───── Information given

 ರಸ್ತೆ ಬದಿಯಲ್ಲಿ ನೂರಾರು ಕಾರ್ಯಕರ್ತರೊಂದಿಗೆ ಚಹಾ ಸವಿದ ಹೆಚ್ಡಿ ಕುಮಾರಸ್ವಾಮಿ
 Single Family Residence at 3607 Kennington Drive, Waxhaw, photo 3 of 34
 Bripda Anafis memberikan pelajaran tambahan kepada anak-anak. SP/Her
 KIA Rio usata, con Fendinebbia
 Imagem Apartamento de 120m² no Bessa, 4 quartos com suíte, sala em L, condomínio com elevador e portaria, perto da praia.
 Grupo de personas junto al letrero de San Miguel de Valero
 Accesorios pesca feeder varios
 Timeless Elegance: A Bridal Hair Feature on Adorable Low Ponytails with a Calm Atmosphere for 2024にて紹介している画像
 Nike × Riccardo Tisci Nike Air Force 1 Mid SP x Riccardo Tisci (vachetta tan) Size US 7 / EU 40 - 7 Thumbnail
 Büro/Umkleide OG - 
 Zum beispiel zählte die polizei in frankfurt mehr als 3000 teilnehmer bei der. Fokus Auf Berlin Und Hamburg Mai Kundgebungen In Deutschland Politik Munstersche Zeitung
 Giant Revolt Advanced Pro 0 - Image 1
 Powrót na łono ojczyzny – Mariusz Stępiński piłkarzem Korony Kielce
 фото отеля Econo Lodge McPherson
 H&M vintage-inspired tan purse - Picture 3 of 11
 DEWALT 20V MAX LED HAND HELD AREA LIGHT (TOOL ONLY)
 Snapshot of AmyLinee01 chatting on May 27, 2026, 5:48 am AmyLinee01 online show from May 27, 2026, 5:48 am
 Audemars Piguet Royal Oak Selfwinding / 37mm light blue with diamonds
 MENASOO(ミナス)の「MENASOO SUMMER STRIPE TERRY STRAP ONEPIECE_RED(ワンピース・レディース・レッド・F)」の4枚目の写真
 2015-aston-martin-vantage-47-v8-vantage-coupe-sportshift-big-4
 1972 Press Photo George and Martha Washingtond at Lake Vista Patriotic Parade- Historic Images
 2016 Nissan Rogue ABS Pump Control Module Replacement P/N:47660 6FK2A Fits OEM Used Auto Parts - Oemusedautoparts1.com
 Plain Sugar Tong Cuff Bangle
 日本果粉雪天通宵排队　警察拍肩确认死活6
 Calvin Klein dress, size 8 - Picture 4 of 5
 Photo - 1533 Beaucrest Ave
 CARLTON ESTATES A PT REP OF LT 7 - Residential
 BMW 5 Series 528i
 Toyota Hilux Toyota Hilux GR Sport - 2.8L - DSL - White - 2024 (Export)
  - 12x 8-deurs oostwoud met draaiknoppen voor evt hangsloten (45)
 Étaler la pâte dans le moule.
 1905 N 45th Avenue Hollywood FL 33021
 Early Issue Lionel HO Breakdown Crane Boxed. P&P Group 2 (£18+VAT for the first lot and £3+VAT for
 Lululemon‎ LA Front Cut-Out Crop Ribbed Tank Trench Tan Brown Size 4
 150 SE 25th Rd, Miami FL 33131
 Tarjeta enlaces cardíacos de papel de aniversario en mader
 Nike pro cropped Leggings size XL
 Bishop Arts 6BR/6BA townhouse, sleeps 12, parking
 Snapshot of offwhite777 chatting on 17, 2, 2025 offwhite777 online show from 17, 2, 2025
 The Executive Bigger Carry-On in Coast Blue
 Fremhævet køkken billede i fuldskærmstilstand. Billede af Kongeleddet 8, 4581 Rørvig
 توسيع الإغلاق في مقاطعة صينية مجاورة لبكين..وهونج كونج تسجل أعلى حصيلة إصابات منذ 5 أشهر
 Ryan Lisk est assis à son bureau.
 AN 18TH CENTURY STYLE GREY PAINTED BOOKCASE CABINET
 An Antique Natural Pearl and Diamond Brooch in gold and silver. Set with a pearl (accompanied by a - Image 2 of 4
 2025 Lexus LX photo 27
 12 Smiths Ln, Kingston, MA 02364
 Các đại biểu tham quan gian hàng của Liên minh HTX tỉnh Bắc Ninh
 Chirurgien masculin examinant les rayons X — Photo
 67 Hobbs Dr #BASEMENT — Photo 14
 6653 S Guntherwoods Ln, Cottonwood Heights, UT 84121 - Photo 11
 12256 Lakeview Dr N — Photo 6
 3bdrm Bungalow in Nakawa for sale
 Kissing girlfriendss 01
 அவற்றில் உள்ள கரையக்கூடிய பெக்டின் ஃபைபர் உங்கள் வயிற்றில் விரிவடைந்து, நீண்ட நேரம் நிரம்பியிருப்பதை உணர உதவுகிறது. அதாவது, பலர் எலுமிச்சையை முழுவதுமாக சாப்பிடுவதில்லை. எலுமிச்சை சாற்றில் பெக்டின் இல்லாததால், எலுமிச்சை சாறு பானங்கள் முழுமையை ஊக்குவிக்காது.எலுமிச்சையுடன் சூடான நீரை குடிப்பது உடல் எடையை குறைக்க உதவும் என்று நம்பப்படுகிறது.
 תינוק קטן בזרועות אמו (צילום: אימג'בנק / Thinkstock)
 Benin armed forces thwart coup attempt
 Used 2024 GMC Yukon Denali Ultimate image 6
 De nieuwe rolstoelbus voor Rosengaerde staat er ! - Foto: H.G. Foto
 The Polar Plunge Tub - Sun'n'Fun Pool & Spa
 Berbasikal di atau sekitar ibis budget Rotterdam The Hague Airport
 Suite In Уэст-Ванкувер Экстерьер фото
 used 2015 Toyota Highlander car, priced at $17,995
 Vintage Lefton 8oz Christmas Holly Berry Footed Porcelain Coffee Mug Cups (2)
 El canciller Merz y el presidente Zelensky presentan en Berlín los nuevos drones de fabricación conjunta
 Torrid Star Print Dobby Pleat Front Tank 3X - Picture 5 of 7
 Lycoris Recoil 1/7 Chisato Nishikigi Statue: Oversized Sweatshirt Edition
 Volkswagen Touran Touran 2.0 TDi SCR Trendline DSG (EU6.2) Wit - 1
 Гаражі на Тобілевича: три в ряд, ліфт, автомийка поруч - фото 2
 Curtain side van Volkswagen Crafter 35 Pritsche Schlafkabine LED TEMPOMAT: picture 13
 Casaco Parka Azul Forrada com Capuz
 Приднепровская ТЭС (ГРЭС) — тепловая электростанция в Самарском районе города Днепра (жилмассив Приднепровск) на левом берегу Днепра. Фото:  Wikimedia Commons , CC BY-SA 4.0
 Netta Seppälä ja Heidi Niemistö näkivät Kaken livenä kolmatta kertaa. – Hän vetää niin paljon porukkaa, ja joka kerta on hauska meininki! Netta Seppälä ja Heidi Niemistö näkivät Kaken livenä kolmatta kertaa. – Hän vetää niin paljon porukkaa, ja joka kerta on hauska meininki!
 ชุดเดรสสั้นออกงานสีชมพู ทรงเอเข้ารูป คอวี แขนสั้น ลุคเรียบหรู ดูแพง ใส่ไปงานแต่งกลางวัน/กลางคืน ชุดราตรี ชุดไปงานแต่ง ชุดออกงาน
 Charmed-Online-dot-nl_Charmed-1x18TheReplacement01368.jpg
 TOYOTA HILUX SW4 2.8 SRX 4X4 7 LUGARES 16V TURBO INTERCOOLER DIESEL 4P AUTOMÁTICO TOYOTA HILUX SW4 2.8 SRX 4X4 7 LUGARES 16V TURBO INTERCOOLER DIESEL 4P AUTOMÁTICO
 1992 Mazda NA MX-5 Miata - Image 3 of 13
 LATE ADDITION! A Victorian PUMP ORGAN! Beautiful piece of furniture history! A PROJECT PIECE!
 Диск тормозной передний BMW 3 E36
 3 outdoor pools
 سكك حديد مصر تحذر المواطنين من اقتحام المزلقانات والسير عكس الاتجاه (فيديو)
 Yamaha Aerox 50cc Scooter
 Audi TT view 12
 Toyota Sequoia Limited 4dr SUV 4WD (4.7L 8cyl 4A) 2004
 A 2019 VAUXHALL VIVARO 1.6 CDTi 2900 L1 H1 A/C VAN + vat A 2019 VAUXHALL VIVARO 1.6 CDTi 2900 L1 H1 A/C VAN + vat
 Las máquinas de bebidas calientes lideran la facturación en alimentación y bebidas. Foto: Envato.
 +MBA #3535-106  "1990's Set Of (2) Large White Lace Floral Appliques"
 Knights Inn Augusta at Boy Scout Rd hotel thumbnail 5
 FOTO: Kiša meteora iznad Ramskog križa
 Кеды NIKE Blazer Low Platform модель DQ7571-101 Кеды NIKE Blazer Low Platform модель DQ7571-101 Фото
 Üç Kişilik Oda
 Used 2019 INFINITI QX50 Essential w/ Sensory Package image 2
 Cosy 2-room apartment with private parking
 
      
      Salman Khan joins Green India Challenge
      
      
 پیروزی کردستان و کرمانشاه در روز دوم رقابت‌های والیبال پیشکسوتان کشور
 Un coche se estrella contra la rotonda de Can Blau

──────────

**Activity:** Only the lines from the one containing "Chirurgien masculin examinant" through the one containing "Kissing girlfriendss 01" are to be retyped, both boundary lines included, with no other material.

**Task output:**
 Chirurgien masculin examinant les rayons X — Photo
 67 Hobbs Dr #BASEMENT — Photo 14
 6653 S Guntherwoods Ln, Cottonwood Heights, UT 84121 - Photo 11
 12256 Lakeview Dr N — Photo 6
 3bdrm Bungalow in Nakawa for sale
 Kissing girlfriendss 01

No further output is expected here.